Bugün eve gidecektim ve duş alıp, hazırlanıp dışarı çıkacaktım. Şu an bir yerlere gitmekte o kadar zor geliyordu ki.

Ama sanırım bugün diyeti bozup şarap içecektim. Resmen bu iki gün yaptığım spor boşa gidecekti ama bunu hak ettiğimi düşünüyorum.

Herkes bir gün korktuğu kişiye dönüşür yeğen.

Eve geldiğimde evde yine kimse yoktu, kendimi sıcak duşun altına atıp kısa bir duş aldıktan sonra hazırlanmaya başladım. Siyah bir tayt ve üzerine kısa kollu kare yaka siyah crop giydim. Parfümümü de üzerime boca ettikten sonra hazırdım. Balkona çıkıp bir sigara yaktıktan sonra arkadaşımın 'hazır mısın?' Mesajına 'şimdi evden çıkıyorum.' Diye cevap verip sigaramı yaktım.

Liseden arkadaşım Merve ile buluşacaktım. Normalde içmezdim ama gideceğimiz yerde ilk içecek alkol olmak zorunda olduğu için mecbur içecektim artık yapacak bir şey yok.

Çantamı kontrol ettikten sonra evden çıktım. Arkadaşımla buluşacağım durağa kadar yürüme kararı aldım.
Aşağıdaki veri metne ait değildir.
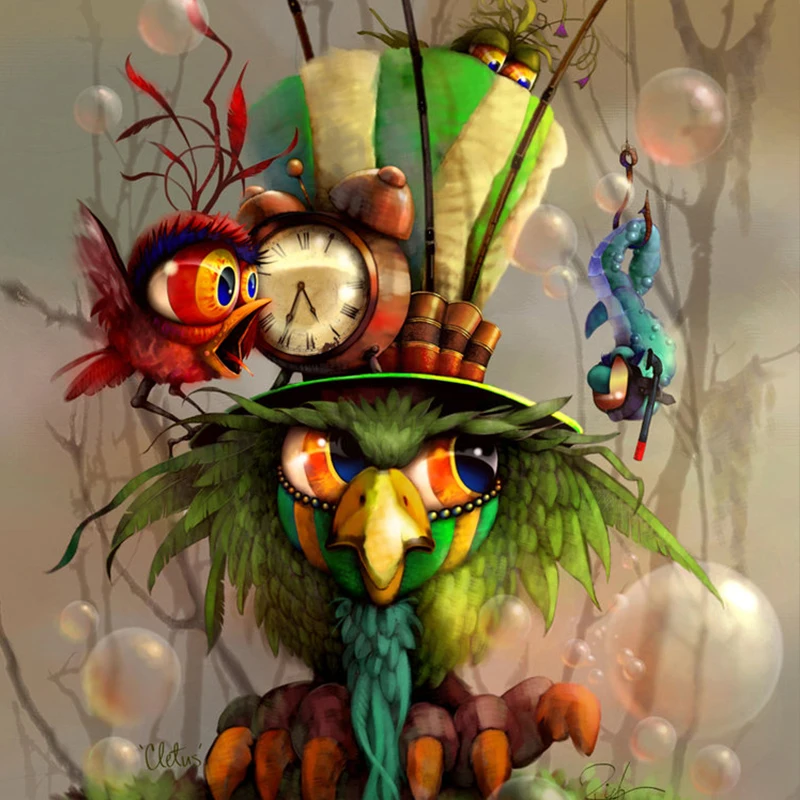 

Full square / round diamond 5D DIY diamond painting "Owl and bird clock" 3D diamond embroidery cross stitch mosaic decoration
Normalde yürümez oraya toplu taşıma aracı kullanırdım fakat artık spor yapan bir insan olduğum için bu yirmi dakikalık mesafeyi yürümem gerekiyordu.
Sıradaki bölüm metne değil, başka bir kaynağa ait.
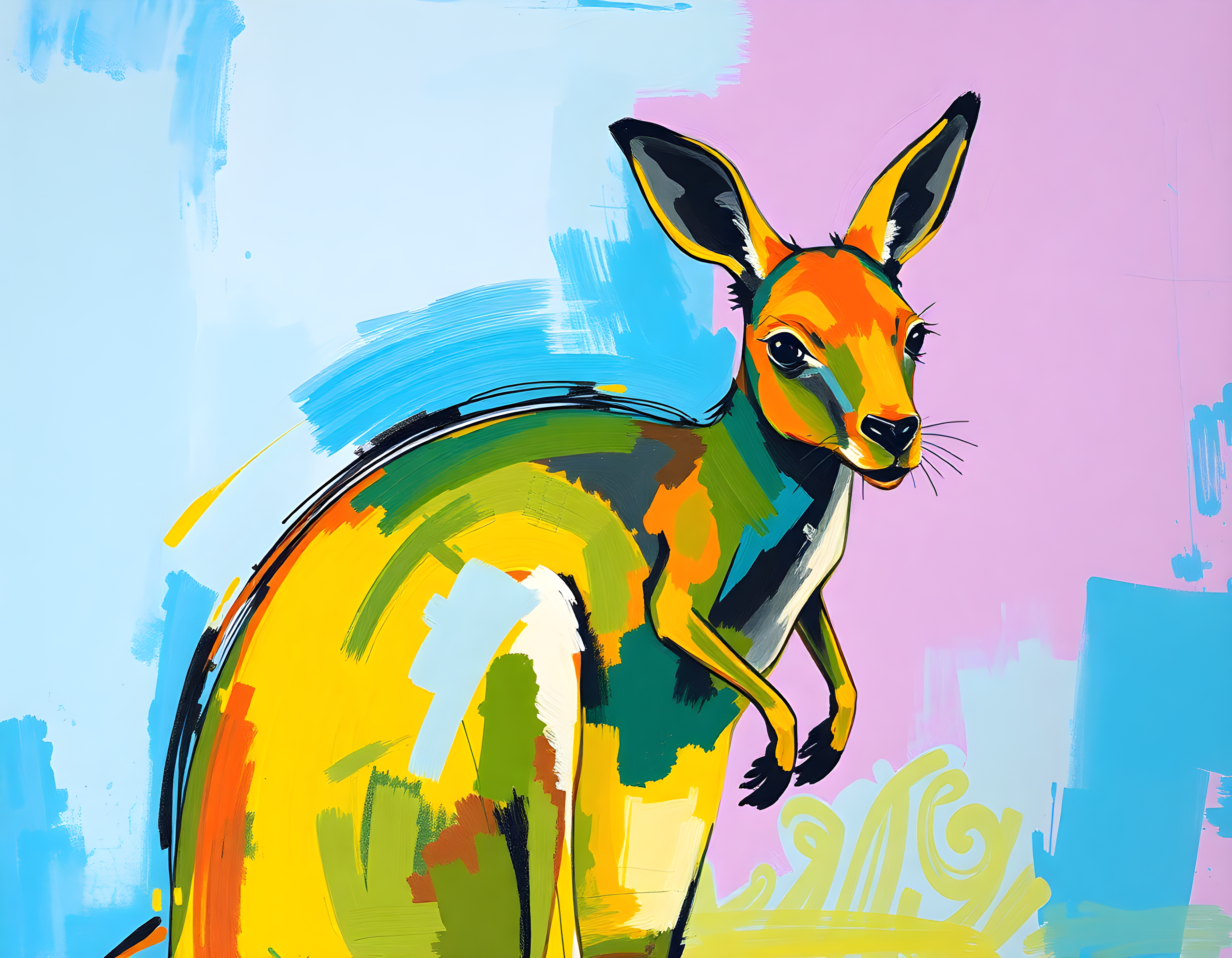 Colorful Abstract Deer Portrait Modern Wall Art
Anneme evden çıktığıma dair bilgilendirme mesajı atarak kulaklığımı takıp müzik dinlemeye başladım.

Bugün içmeyi fazla kaçırmamam gerekiyordu.
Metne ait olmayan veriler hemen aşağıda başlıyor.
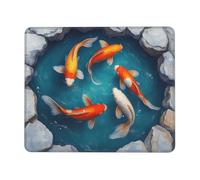 Koi Fish Pond Art Gaming Mouse Pad Non-Slip Rubber Base Waterproof Washablee Small Mousepad for Wireless Mouse Computer Desk 9.4"x7.9"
Sonunda Merve'yi gördüğümde yorulduğumu fark ettim.

"Beklettim mi yoksa?" Dedim Merve'yi öperken. "Yok şimdi geldim bende."

Bir dakika sonra gelen minibüse bindiğimizde ikimizde kulaklarımızdan müzik dinlemeye devam ettik. Oturuna kadar hiçbir şey konuşamazdık.

Kısa bir yolculuğun ardından gideceğimiz mekana geldiğimizde içim mutlulukla dolmuştu. Deniz kenarında çok şirin ve çok tatlı bir yerdi burası. Saklı bir cennet gibi.

İnsanların ne güzel işletme yerleri var gerçekten.

Her zaman ki yerimize oturduğumuzda arkadaşım sıcak şarap, bende soğuk kırmızı şarap ve kısır siparişi vermiştim. Kısır, cips ve bira çok iyi gidiyordu aslında ama diyetteyim.

Neyse bu son zaten bi' daha içmeyeceğim.

"Hemen anlat neler olduğunu." Dedim şaraplarımız geldiğinde.

Merve iş yerinde aşık olduğu çocuğun ona bakışını bir saat boyunca ballandıra ballandıra anlattığında onu saygıyla ve merakla dinlemiş, yorumlar yapmıştım. Sonunda çocuğun ona yol yaptığı kararına varmıştık ama çocuğun onun varlığından bile haberi olmayabilirdi.

Merve uzun boylu, siyah saçlı ve oldukça zayıf bir kızdı.

"Merve benim başladığım spor salonuna gelsene sende, gayet güzel bir yer ben çok memnunum."

"Olabilir aslında hem ruh halim değişir belki, bana da değişiklik olur."

Başımı salladıktan sonra salonda çekildiğim fotoğrafları ona göstermeye başladım.

"Güzel bir yere benziyor, gelen insanlar nasıl?"

"Gayet medeni ve saygılı herkes."

"Yarın beni bekle o zaman iş çıkışı gelip kaydolayım."

Ona yarın yanında getirmesi gereken eşyaları söyledikten sonra dedikodumuza kaldığımız yerden devam ettik. Eski sevgilime de bir tur sövdükten sonra bu sefer beraber yaptığımız rezillikleri hatırlayıp gülmeye başladık.

Zaman çok hızlı geçmişti ve son otobüsün geçmesine on dakika kaldığını fark ettiğimizde hızlı bir şekilde hesabı ödemeye gittik.

İkimizde kendi hesabımızı ödediğimizde ödediğim hesapla şok olmuştum. Üç kadeh şarap ve bir kısır için çok fazla bir miktar gerçekten.

"Bi' daha gelmeyeceğim buraya bu ne ya kazık resmen. Marketten bir litre şarap alsam daha iyiydi."

"Cidden haklısın ama her zaman gelmiyoruz zaten ayda yılda bir."

Kafam felaket dönmeye başlamıştı ve midem bulanıyordu. Yaramıyorsa içme kardeşim.